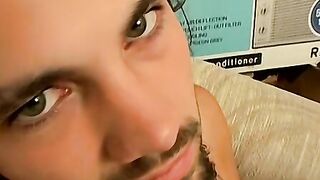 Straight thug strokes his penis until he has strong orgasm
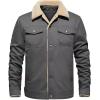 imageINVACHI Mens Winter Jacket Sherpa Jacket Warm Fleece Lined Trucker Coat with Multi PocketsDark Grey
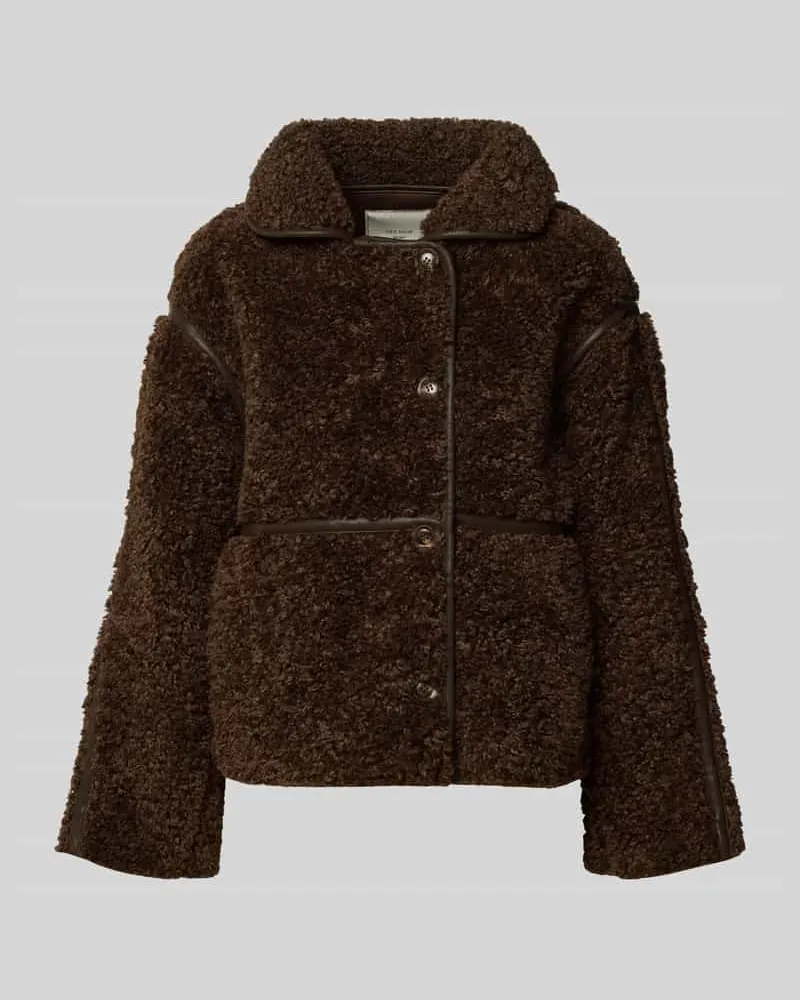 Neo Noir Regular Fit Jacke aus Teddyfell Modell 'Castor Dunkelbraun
────────────────
### Aim of the task
The line with "imageINVACHI Mens Winter" and each line after it, through the final line of the data, are to be duplicated exactly, with pictures left out and nothing more included.

### Written response
 imageINVACHI Mens Winter Jacket Sherpa Jacket Warm Fleece Lined Trucker Coat with Multi PocketsDark Grey
 Neo Noir Regular Fit Jacke aus Teddyfell Modell 'Castor Dunkelbraun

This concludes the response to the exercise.